__Assignment__
Search the listing below for the line containing "Amule hair salon×スタイル". From there through the line containing "Liba Touchless Motion Sensor Trash Can", transcribe every line exactly, both ends included.

_ _ _

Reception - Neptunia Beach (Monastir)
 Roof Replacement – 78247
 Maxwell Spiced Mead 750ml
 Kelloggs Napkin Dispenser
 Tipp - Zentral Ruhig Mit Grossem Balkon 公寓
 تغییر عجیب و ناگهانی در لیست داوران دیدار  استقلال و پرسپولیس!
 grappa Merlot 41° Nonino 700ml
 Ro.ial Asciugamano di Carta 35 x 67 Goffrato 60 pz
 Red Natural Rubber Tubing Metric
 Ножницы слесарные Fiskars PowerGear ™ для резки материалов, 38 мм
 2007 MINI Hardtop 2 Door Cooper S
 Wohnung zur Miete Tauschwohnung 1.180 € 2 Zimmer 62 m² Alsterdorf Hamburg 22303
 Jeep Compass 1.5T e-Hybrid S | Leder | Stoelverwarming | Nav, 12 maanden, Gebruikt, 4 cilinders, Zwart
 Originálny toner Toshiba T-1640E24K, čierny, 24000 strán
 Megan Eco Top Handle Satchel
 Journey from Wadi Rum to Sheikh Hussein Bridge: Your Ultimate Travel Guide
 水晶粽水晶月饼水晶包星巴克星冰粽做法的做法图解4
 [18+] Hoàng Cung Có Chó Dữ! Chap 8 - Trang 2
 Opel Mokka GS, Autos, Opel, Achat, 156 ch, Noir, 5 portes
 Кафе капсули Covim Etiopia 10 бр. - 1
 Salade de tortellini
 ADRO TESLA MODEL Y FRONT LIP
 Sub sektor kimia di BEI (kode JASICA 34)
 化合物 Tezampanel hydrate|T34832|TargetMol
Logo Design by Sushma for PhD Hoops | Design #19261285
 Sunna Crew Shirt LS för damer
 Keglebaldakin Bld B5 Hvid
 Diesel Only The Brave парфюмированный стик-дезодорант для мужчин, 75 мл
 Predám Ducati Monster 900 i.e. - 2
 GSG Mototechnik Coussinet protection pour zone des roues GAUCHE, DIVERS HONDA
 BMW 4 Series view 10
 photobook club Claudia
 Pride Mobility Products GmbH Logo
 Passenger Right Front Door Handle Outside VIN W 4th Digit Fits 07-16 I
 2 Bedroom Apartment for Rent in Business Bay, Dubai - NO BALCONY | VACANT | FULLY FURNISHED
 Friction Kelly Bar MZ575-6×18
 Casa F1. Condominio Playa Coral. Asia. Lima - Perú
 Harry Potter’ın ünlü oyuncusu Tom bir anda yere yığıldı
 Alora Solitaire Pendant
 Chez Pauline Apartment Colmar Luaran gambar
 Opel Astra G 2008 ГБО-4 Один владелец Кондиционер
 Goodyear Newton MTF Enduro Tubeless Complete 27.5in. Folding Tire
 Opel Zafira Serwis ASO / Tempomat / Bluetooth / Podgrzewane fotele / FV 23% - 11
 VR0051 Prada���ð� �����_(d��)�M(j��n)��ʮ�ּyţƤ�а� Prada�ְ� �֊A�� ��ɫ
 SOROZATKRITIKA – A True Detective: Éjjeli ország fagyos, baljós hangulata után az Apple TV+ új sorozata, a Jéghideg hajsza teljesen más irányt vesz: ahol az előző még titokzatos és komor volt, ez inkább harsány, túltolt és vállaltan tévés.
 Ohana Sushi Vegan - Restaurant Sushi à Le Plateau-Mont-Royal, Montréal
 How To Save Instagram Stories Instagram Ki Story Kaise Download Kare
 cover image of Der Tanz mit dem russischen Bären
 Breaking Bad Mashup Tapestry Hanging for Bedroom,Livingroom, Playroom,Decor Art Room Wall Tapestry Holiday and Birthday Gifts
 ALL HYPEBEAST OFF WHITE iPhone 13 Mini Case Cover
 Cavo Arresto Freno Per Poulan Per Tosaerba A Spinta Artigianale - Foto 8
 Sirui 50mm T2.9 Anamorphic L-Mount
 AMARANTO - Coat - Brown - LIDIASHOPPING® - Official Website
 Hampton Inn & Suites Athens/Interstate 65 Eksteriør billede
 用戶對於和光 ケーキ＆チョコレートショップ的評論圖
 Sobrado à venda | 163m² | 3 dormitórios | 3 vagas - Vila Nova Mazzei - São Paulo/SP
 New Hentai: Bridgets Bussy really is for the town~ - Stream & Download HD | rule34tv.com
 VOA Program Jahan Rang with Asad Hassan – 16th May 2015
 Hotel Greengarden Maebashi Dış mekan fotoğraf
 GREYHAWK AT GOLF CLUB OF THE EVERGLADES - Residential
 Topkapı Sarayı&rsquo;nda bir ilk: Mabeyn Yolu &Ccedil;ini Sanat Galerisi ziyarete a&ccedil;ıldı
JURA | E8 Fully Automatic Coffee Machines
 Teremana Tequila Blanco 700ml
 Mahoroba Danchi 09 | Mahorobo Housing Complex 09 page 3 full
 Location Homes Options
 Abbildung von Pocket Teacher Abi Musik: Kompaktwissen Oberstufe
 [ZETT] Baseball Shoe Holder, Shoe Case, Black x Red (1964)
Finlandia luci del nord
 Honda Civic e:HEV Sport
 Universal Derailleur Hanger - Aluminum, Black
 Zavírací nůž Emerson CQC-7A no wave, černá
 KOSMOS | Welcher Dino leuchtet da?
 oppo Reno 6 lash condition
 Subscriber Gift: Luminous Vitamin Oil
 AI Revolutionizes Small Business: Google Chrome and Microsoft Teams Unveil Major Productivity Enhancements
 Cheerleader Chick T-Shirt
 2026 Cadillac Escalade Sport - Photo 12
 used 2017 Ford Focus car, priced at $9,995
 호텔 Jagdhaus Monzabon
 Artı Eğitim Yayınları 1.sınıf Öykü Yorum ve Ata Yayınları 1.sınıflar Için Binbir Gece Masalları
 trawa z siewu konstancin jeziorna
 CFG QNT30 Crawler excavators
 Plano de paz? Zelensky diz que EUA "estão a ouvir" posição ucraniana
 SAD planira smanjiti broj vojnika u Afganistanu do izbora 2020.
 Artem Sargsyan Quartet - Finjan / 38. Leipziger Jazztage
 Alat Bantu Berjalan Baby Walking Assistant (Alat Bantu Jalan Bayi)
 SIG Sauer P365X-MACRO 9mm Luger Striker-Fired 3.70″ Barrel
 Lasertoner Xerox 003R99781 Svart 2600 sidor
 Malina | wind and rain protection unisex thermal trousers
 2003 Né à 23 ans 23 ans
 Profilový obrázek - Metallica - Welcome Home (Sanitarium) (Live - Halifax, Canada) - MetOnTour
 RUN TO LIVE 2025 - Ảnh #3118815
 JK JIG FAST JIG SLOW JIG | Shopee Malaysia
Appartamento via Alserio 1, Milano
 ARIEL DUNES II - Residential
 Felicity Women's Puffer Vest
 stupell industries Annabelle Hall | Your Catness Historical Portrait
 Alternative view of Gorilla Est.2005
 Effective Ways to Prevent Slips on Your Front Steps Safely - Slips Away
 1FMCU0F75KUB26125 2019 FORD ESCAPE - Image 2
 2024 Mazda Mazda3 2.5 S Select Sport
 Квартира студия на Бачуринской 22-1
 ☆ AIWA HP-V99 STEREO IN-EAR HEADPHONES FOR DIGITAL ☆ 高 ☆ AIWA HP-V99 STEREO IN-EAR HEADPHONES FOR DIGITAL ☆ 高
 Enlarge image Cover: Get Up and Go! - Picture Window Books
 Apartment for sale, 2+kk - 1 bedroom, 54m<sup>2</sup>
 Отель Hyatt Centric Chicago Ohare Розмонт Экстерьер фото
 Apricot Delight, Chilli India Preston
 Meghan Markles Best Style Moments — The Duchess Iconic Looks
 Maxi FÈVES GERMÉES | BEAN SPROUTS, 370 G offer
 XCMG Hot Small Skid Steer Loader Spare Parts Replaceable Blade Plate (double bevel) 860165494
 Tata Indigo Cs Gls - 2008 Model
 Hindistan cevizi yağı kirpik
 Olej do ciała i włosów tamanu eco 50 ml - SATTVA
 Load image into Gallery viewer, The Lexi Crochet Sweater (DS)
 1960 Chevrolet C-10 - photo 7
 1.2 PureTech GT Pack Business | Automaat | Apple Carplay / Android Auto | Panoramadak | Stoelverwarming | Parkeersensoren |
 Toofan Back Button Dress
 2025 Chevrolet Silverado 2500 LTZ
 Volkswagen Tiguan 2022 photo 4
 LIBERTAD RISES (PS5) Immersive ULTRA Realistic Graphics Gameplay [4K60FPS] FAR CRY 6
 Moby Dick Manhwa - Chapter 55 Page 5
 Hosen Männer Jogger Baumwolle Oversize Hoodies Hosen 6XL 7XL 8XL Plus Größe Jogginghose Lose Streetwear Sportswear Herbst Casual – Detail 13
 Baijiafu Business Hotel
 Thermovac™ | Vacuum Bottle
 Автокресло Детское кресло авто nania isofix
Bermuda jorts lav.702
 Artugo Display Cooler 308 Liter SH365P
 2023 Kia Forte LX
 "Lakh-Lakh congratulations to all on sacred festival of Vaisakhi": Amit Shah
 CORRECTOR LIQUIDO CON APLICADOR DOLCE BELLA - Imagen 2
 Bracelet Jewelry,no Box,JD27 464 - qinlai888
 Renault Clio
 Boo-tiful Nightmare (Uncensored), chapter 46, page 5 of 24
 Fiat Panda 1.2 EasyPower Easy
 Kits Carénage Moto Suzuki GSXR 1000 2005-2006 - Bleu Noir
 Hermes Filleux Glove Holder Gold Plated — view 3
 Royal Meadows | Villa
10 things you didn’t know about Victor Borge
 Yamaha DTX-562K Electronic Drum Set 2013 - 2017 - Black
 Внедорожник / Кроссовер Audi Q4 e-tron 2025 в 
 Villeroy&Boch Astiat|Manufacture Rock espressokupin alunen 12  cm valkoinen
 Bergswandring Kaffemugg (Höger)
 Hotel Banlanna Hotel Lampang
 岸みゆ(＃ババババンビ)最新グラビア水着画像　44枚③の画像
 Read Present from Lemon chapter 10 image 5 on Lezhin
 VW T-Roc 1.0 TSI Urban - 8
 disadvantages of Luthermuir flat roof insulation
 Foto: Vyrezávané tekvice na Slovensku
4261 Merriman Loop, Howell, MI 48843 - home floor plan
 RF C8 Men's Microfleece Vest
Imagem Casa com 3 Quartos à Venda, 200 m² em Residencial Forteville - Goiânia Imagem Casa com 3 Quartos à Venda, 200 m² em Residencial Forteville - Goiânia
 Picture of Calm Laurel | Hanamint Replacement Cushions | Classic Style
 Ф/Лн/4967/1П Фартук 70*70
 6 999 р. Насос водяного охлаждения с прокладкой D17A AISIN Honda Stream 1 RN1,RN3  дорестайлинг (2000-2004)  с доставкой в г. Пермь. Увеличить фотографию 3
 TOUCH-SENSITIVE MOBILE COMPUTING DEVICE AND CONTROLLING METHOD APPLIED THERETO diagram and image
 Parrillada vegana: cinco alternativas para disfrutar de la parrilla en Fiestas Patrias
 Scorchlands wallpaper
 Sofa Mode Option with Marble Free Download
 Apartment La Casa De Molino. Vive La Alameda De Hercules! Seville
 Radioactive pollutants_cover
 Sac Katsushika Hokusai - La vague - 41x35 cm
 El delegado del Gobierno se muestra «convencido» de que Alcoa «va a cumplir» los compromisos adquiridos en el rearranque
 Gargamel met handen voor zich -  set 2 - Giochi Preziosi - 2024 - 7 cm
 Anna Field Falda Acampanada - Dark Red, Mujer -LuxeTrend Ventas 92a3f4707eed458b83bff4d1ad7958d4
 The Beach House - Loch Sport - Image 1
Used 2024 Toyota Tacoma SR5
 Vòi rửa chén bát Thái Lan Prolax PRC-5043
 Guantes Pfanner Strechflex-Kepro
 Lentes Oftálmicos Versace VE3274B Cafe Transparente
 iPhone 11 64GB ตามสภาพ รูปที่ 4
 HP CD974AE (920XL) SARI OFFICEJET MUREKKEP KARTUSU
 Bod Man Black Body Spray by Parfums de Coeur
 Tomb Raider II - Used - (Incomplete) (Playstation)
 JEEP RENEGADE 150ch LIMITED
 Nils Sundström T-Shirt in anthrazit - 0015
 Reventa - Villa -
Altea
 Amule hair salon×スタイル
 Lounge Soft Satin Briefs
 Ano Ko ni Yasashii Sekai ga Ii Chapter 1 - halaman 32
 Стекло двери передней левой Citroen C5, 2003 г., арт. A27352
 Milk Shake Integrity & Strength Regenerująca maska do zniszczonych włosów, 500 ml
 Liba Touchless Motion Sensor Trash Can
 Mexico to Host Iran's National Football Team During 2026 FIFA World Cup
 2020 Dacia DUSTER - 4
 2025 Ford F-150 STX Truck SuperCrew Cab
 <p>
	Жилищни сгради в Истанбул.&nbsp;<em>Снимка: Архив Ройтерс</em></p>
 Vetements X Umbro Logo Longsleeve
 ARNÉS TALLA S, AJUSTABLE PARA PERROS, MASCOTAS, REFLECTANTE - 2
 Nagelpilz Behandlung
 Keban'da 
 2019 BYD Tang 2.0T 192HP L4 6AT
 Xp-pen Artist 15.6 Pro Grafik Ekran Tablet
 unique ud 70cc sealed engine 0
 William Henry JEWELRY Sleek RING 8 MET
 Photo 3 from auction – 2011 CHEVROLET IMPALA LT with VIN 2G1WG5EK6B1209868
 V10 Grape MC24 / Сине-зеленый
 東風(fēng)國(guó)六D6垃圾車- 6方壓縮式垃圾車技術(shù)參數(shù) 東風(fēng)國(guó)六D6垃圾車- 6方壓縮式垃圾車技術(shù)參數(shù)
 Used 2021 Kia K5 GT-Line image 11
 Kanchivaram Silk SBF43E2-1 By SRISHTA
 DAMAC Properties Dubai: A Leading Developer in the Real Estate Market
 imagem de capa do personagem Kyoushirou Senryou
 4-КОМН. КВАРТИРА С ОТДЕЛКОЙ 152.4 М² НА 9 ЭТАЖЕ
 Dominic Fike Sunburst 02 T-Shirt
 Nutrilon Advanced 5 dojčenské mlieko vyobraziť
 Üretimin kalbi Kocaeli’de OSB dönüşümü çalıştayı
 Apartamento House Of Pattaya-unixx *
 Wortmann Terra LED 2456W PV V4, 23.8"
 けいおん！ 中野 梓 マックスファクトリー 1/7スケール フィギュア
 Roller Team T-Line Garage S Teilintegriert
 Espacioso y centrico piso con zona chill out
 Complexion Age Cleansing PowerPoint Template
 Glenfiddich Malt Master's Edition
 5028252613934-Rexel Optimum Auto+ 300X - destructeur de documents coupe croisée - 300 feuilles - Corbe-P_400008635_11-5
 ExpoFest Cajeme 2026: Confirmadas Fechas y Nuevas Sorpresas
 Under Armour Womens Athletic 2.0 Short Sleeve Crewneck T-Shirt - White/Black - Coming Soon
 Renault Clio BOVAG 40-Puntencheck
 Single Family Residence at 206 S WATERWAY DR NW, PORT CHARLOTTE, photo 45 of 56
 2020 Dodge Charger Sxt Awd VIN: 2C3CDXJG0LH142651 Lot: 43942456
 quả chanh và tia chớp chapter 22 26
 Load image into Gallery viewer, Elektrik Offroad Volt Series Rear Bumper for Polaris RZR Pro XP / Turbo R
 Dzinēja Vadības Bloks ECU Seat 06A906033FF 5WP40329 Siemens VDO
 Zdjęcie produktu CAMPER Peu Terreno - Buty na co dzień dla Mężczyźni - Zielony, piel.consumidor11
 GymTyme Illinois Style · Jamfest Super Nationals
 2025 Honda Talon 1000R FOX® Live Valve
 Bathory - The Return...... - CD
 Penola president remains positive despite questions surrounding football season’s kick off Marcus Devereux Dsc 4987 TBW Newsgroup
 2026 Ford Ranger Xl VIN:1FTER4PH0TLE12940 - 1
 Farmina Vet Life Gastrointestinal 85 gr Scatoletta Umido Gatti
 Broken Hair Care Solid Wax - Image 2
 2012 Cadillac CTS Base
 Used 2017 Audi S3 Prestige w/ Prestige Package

_ _ _

__Your solution__
 Amule hair salon×スタイル
 Lounge Soft Satin Briefs
 Ano Ko ni Yasashii Sekai ga Ii Chapter 1 - halaman 32
 Стекло двери передней левой Citroen C5, 2003 г., арт. A27352
 Milk Shake Integrity & Strength Regenerująca maska do zniszczonych włosów, 500 ml
 Liba Touchless Motion Sensor Trash Can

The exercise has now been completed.